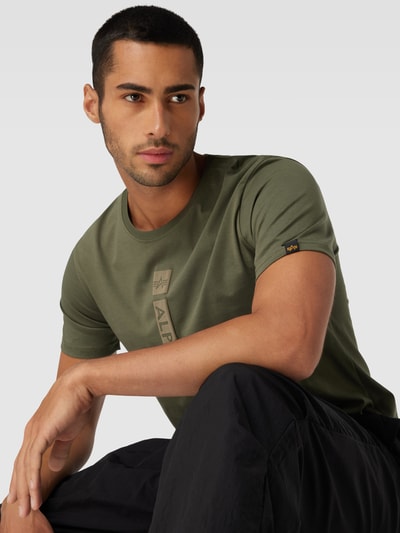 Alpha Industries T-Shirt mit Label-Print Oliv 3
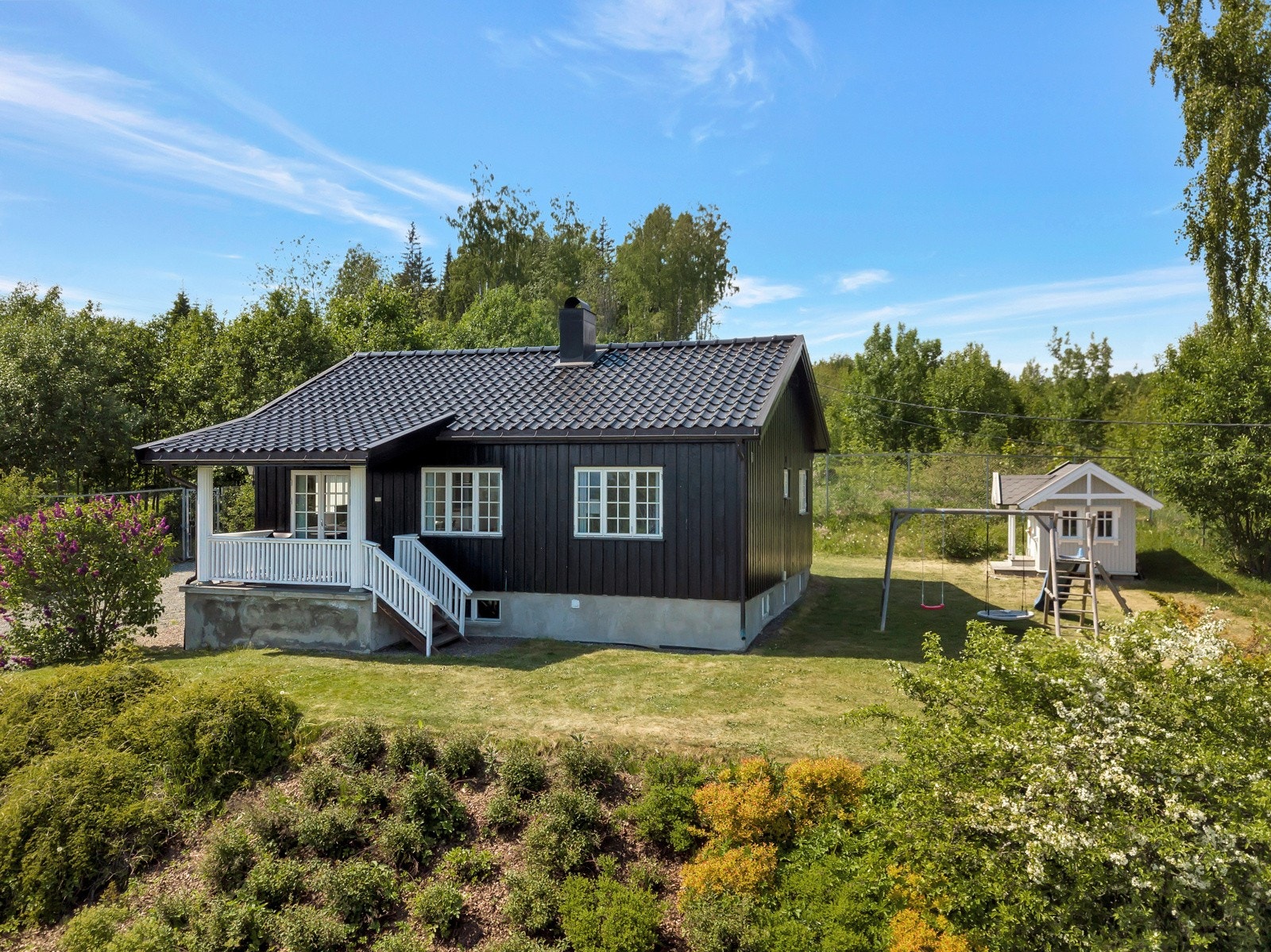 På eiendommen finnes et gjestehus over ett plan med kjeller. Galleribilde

--

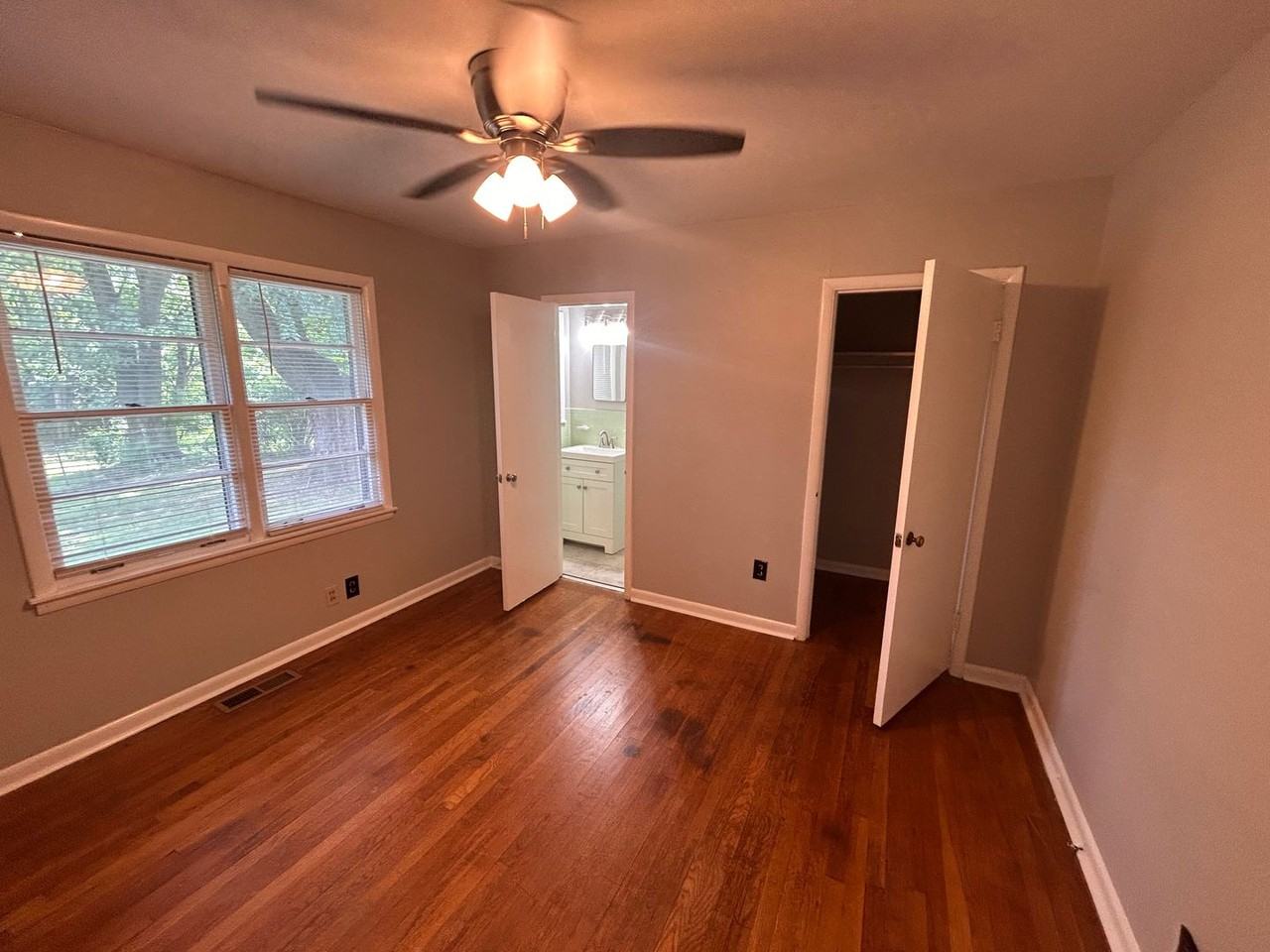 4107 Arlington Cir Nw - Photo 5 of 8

--

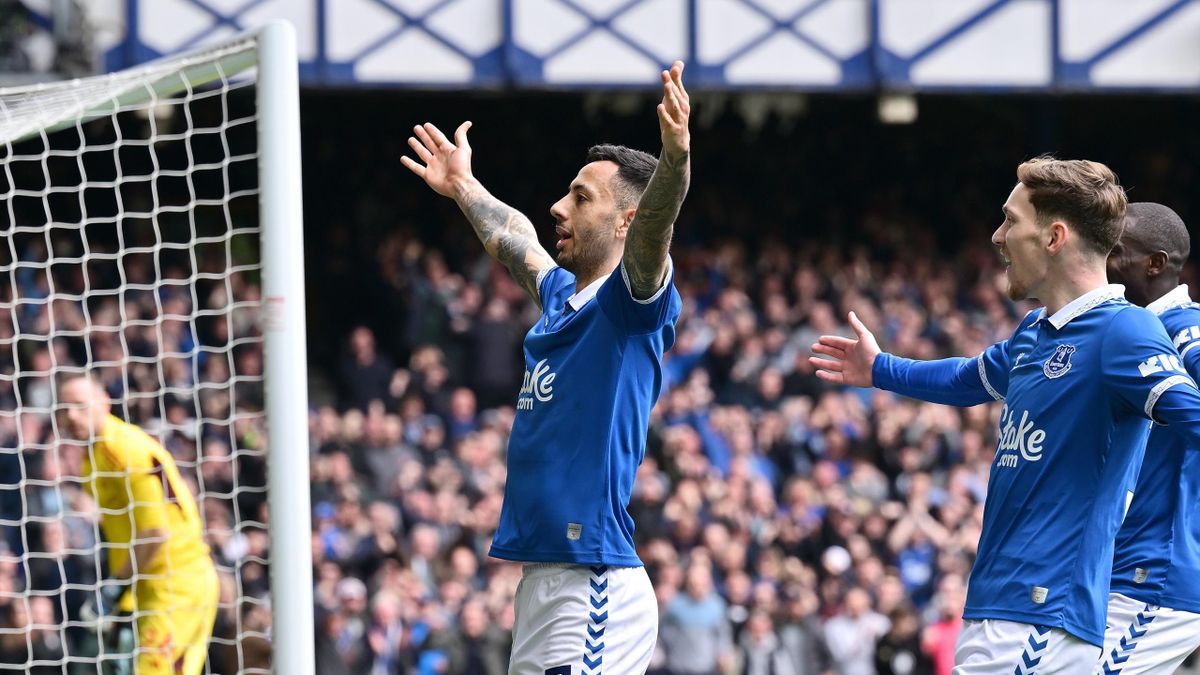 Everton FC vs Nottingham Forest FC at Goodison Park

## What to work on
Find where the line with "Alpha Industries T-Shirt" sits in the material above and where the line with "På eiendommen finnes" sits. Set down exactly the lines from the first to the second, both included and nothing else, without pictures.

## Answer to this exercise
 Alpha Industries T-Shirt mit Label-Print Oliv 3
 På eiendommen finnes et gjestehus over ett plan med kjeller. Galleribilde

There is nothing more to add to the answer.